トップインタビュー:Booking.com日本地区統括の勝瀬博則氏

  • 2015年8月27日

海外旅行の取込強化
顧客に正確な情報を提供、多様な選択肢アピール

-競合他社と比べた貴社の強みは何ですか

表参道事務所のコールセンター 勝瀬 契約宿泊施設数が多いことが強みの1つ。宿泊施設専業の予約サイトとして、宿泊施設についてはどこよりも大きなコレクションを持っており、お客様の選べる範囲が非常に幅広い。

 次に、「お勧めするホテル」のような広告の掲載やポイント制度などは実施していないのも特徴の1つ。そういうものはノイズだと思っているし、お客様の目を曇らせることになる。その代わり、非常に透明性があり、宿泊施設の正確な情報をかたより無く伝え、お客様自身に選んでもらうことにこだわっている。そのために、口コミも沢山収集しており、現在5000万件以上提供している。

 宿泊施設の説明文などのコンテンツは我々が第3者として自ら書いている。翻訳もほとんど社内でおこなっており、社内では「世界で1番の大きな翻訳会社はBooking.comではないか」と言っているほど。この部分には設備投資を手厚くしている。そういう意味で、我々のウェブサイトはWikipediaに近いとも言える。Wikipediaでは、どんな言葉でも大体意味がわかる。世界で1番大きな辞書であり、Googleでも上位に来るし、ブランドとしても有名だ。

 我々の使命は、宿泊施設の本来の価値を透明化して、分かりやすくシンプルにお客様にお伝えすることだと思っている。数多くの宿泊施設と契約し、価格競争力のある宿泊代金を提供する。我々のイメージはAmazonに近いかもしれない。
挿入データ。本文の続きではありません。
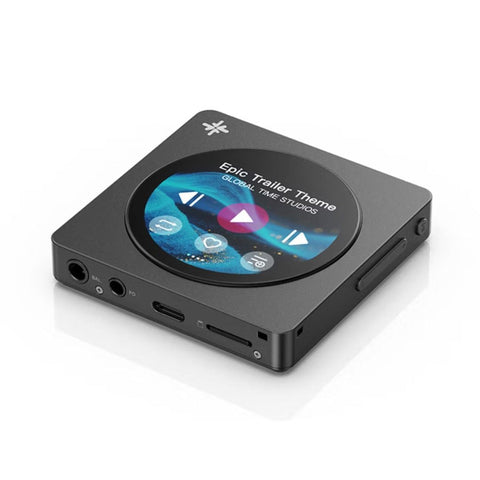 FiiO Snowsky DISC Black Portable Music Player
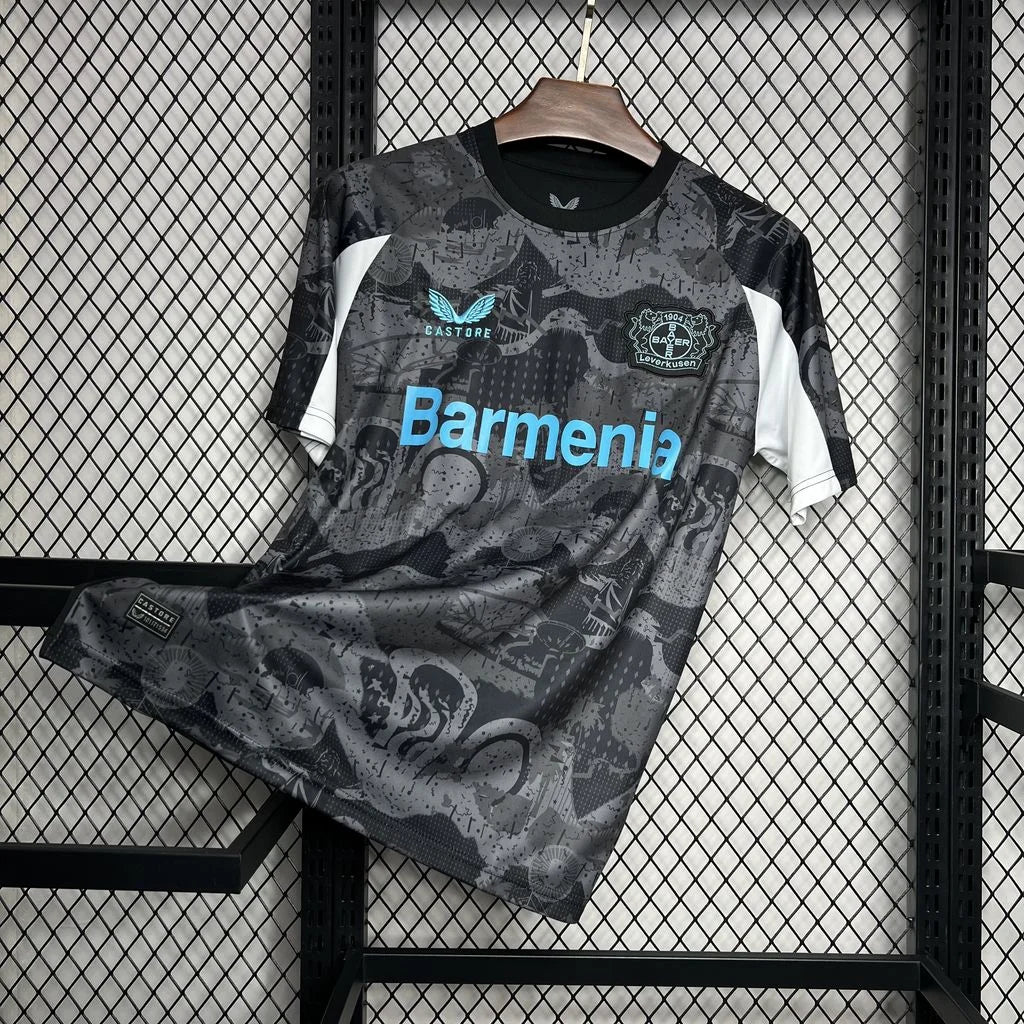 Bayer Leverkusen Maillot Third 2024 2025
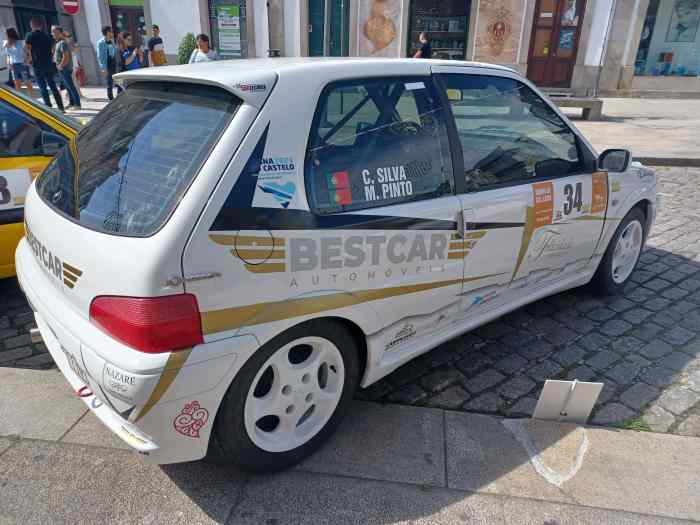 Peugeot 106 1.6 de 2022 1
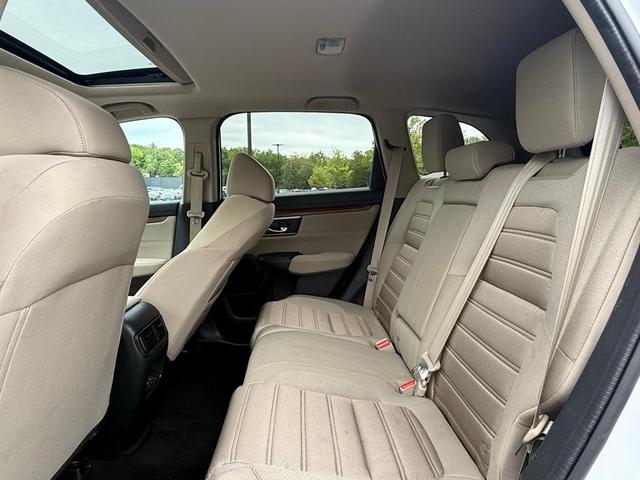 Photo of 2022 White Honda CR-V
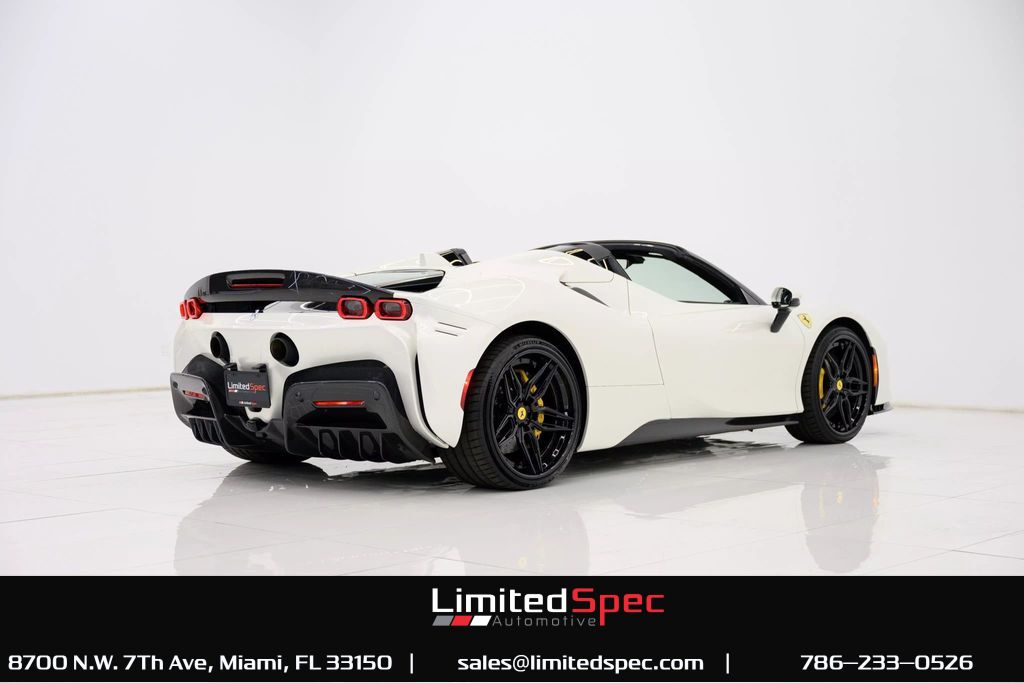 2024 Ferrari SF90 Spider Miami FL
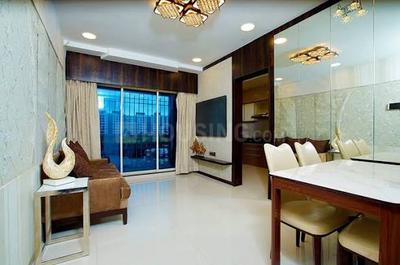 Bedroom Image of 800 Sq.ft 1 BHK Apartment / Flat for sale in Agarwal Paramount, Virar West Virar for Rs. 5600000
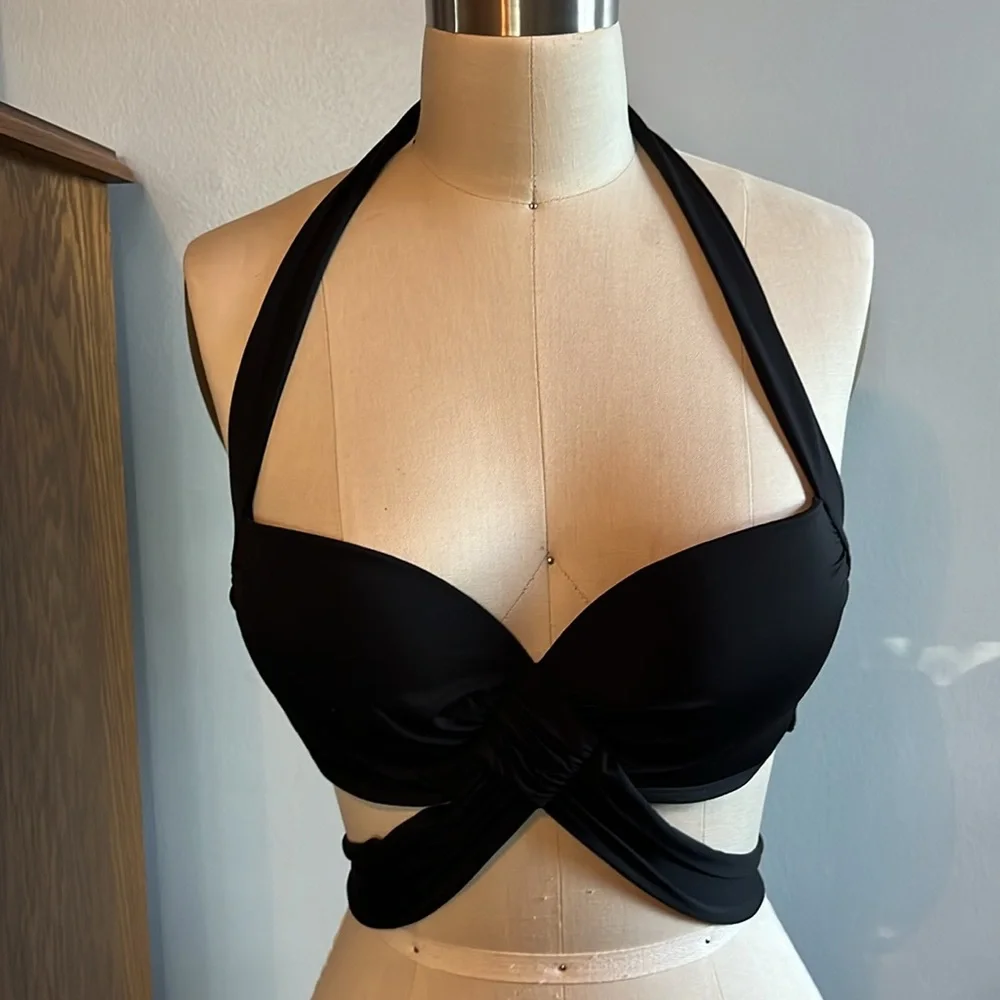 Black Victoria secret bikini swimsuit 34C/XS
大量な在庫があり、いつも販売しているが、必ずしもプライスリーダーではない。しかし、商品に破損があった場合などの返品・交換といったカスタマーサービスがしっかりしているため、安心して利用できる。

-カスタマーサービスの強化にも取り組まれていますね

勝瀬 我々が提供できるのは、世界最大級の送客実績というブランドの信用と、42ヶ国語に対応しており、24時間現地の言葉またはお客様の話す言葉で、トラブルに対応するというカスタマーサービス。そうした安心の提供がとても重要だと考えている。日本語カスタマーサービスも24時間年中無休で提供しており、コールセンターのスタッフ数も現在は日本国内で約100名だが、16年までに最大200名まで増やす計画だ。
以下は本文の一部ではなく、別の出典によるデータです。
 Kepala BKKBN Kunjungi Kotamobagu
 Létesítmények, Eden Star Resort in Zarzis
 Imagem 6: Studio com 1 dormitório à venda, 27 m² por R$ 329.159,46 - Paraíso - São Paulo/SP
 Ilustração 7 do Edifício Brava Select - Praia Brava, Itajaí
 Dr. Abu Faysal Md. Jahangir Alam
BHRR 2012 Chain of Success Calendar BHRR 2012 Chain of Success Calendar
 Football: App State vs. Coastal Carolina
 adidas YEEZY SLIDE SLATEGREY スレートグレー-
 弊社はインターネット上で展開するOTAなので、顔が見えない。トラブルの際、本当に大丈夫かはお客様からすると心配な部分だろう。インターネットの発達で消費者が自分で情報をどんどん収集できるようになり、パッケージツアーで行けないところに行きたい、自分で旅行をアレンジしたいというニーズが高まるなか、旅行のスタイルがFIT化しつつある。そうしたなか、パッケージツアーのように安心してもらいながら、自分で旅行がデザインできるサービスが提供できれば、我々のようなOTAが選択肢の1つとして挙がってくるのではないか。

 また、我々は事前決済ではなく、お客様が現地で直接ホテルに宿泊料金を支払うエージェントモデルを採用している。現地決済なので、お客様目線で言えば、最後の最後までホテルを決める必要がない。ホテルを訪問して想定と違った場合は、ホテル側と交渉できるし、最悪の場合キャンセルも可能だ。お客様はしっかり守られている。